被告は原告に対し、金一、一八四万四、八八六円およびこれに対する昭和四五年六月一四日から支払いずみに至るまで年六分の割合による金員を支払え。

訴訟費用は被告の負担とする。

この判決は仮にこれを執行することができる。

事実

<全部省略>

理由

一、二<省略>

三、つぎに、原告は、いわゆる名板貸の法理によって被告は本件各手形振出人としての責任を免れることができないと主張するので、この点につき判断する。<証拠>を総合すると、つぎの事実を認めることができる。

(1)被告は昭和三五年ころから自己が代表者となって弟の高橋勲とともに三協合金所という商号で鋳造業を営み、大阪中央信用金庫今里支店との当座勘定取引にあたっても「三協合金所高橋勉」の名称を用いていたが、その後商号を三協鋳工所と変更し、右支店との当座勘定取引をするにあたって「三協鋳工所高橋勉」の名称を用い、甲第一ないし第一五号証(本件各手形)の各振出人らに押されている「三協鋳工所高橋勉」の記名印および「高橋勉」と刻した印章を取引印として届け出ていたこと、被告の姉大森澄子、兄の高橋清、弟の高橋浩らが順次右の営業に加ったが、被告は依然としてその経営にあたり、経理面は主として被告の母高橋林が被告の指示にもとづいてこれを担当し、営業面は主として被告、大森澄子、高橋勲の三名がこれを担当していたこと。

(2)原告は、非鉄金属商を営み、昭和四一年ころからその得意先の紹介で被告と取引を始めるようになり原材料を販売してきたが、その代金の支払いのため前記「三協鋳工所高橋勉」の記名印および「高橋勉」と刻した印章が押されている約束手形の振出を受けていたこと、原告からの納品を主として担当していたのは大森澄子および高橋勲の両名であったこと。

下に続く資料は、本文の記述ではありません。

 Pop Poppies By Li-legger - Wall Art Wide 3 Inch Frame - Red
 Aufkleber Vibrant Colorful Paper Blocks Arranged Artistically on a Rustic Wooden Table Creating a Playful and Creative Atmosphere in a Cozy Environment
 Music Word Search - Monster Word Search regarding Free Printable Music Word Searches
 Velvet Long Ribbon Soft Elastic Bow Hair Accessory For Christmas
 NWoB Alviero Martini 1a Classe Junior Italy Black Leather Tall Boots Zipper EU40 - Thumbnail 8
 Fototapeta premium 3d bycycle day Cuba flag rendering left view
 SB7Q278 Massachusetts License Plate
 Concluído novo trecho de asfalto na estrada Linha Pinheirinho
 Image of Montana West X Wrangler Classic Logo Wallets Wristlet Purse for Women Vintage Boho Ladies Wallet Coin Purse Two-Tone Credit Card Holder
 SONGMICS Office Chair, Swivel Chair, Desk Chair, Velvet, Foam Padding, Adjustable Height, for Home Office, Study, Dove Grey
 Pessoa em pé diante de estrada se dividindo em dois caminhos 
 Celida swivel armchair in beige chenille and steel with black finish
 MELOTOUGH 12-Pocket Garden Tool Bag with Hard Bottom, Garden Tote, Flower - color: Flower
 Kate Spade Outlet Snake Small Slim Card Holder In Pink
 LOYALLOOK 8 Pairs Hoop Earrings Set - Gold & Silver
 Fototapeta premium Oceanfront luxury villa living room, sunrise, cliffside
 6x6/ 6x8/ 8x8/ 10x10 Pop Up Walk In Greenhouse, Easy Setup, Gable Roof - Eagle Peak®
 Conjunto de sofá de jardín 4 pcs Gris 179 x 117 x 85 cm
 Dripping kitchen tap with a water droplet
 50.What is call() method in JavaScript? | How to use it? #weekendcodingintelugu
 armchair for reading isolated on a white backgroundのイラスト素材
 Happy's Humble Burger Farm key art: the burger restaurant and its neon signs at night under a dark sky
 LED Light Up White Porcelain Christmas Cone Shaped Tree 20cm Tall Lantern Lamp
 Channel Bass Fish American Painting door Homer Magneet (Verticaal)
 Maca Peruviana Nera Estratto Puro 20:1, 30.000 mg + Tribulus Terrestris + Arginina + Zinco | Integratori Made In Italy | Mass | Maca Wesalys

(3)三協鋳工所においては、被告を除くその余の兄弟や母および姉の間で日立造船所に勤務していた二男の高橋順を退職させて三協鋳工所の代表者にしようとする企てがあったところ、たまたま被告が昭和四三年七月一日ころ交通事故のため約一か月半ばかり右鋳工所の営業から遠ざかっていた間、その余の兄弟らで右営業を続けることができたことから、被告を除外しても右鋳工所の営業を維持することができるとの確信を深めたので、本格的に被告を排斥しはじめたこと、そこで、被告はやむなく同年八月中旬ころ右鋳工所の経営から手を引き、知人の援助で光合金鋳工所という商号で鋳造業を始めたが、極めて親しい取引先についてのみ三協鋳工所から手を引いて新たに光合金鋳工所を経営するとの挨拶をしただけで、広告等によって営業主が交替したことを一般に知らせる方法をとらなかったことはもとより、その他の知れた得意先に対しても高橋順らにおいてその旨の通知をするものと軽信して自らその旨を周知徹底させることをしなかったこと。

(4)高橋順は、被告が三協鋳工所を退いた後は、自ら代表者となって被告を除くその余の兄弟らとともに右鋳工所を経営し、前記「三協鋳工所高橋勉」の記名印および「高橋勉」と刻した印章を用いて「三協鋳工所高橋勉」名義で前記大阪中央信用金庫今里支店との当座勘定取引を続け、また手形取引にもこの名義を使用していたが、被告は、右の事実を知りながら、単に「高橋勉」と刻した印章の返還を求めるだけで、積極的に右名義の使用を防止する措置を講ぜず、そのまま放置していたこと。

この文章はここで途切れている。